My question is; is this the most optimal way to do this in aerospike, or are some optimizations possible?

Looking at as_bytes_ensure I’m seeing that the bytes array is grown as needed. I haven’t looked into the memory management code yet but wouldn’t it better to grow the array with a 1.5 growth factor?

I don’t know how after the UDF the bytes are actually committed to the table. Would allocating a new bytes array every time cause a lot of fragmentation?

Anyone have any other suggestions on how to improve this?


#2

It is msgpacked and stored inside bin. And ofcourse unpacked when you read it to modify it.

Depends on how the usage is but the recommendation is to overallocate at the initialization. This allows the system not to attempt the reallocation of many sizes which would really cause the fragmentation. e.g if you know the bytes you use is bounded by say 1000 bytes. Then you can always create it that big at initialization.

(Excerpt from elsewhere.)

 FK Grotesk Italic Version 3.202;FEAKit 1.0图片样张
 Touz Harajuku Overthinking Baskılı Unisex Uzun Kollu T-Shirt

New bytes everytime won’t cause fragmentation if you use same size allocation everytime.

In general calling back into server multiple times has extra costs. A little better way of doing this would be convert bytes into string and do entire manipulation and check on the string inside the Lua and store it back either as string or a byte back when you are done.That would reduce number of calls back to server code from lua to 2, one for reading the bin and one while writing it back.

HTH

– Raj


#3

I did some benchmarking. It’s very hard to do accurate benchmarking of UDF code with aerospike. In the end I ended up just calling the functions a whole bunch of time inside the UDF. Of course this doesn’t really take the committing to the table in account but that should always be the same speed.

My testing code can be found at: https://gist.github.com/erikdubbelboer/5dbecf2b8315baf82ee8

The pure Lua string version seemed to be a little bit slower with writing than using the bytes functions.

bench_write_lua: 3.466228942s
bench_write_as: 2.863101461s

While on average the Lua read function was a bit faster than the bytes functions.

bench_read_lua: 2.816864679s
bench_read_as: 3.329490547s

I also tried to use the PutUint32 function directly on a bytes object instead of a Lua table. This resulted in even slower code:

bench_write_lua_on_bytes: 9.642002433s
bench_read_lua_on_bytes: 12.717945593s

#4

I would expect it to be other way around. I see you do many invocation of function in a single call. How many such UDF call did you make. What is your observation about memory utilization of the process. I am looking out for fragmentations.

– R


#5

I did only 100 UDF calls for this benchmark.

I didn’t really look at memory utilization, but since this test version preallocates the whole bytes and you can’t really preallocate Lua strings I would expect the bytes version to be better in this case as well.

What would you suggest as method to benchmark CPU and memory usage for UDF with aerospike? Is there something better than just running the function and looking top and how many I can do per second?